読書メモ

突如吉川英治「新・水滸伝」。
新・水滸伝(一) (吉川英治歴史時代文庫)新・水滸伝(二) (吉川英治歴史時代文庫)新・水滸伝(三) (吉川英治歴史時代文庫)新・水滸伝(四) (吉川英治歴史時代文庫)
面白い。
結構ひどい連中が梁山泊に集まってくのがなんだか可笑しい。殺そうとしておいて相手の名前を知るやひれ伏して仲間になったり。いいのか、それで。
しかしこれだけ登場人物が多いと、人物の掘り下げが物足りなくもある。
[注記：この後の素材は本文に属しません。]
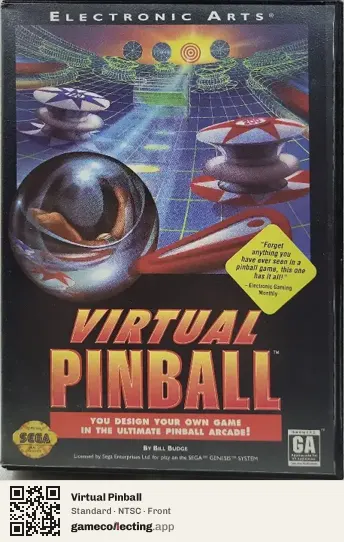 Virtual Pinball Sega Mega Drive / Genesis, NTSC box front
特定の人物に焦点を当てたオリジナル小説も結構あるんじゃないかな。宋江なんか登場した時から国中で慕われてて、でもそうなるまでの経緯の説明は殆どないの。
それに、あれだけの大所帯になれば犯罪やしがらみも相当出て当然だが、物語中ではあくまで秩序ある理想の集団として描かれるあたり、読んでいて乗り切れなかった。もっともそういうところまで描写したらまるで別の話になってしまうが。
「新・水滸伝」は吉川英治の遺作にして未完。こうなると完訳版も読みたいところだがちょっと高い。横山光輝版も高校時代に読んだが、これもだいぶはしょられていた。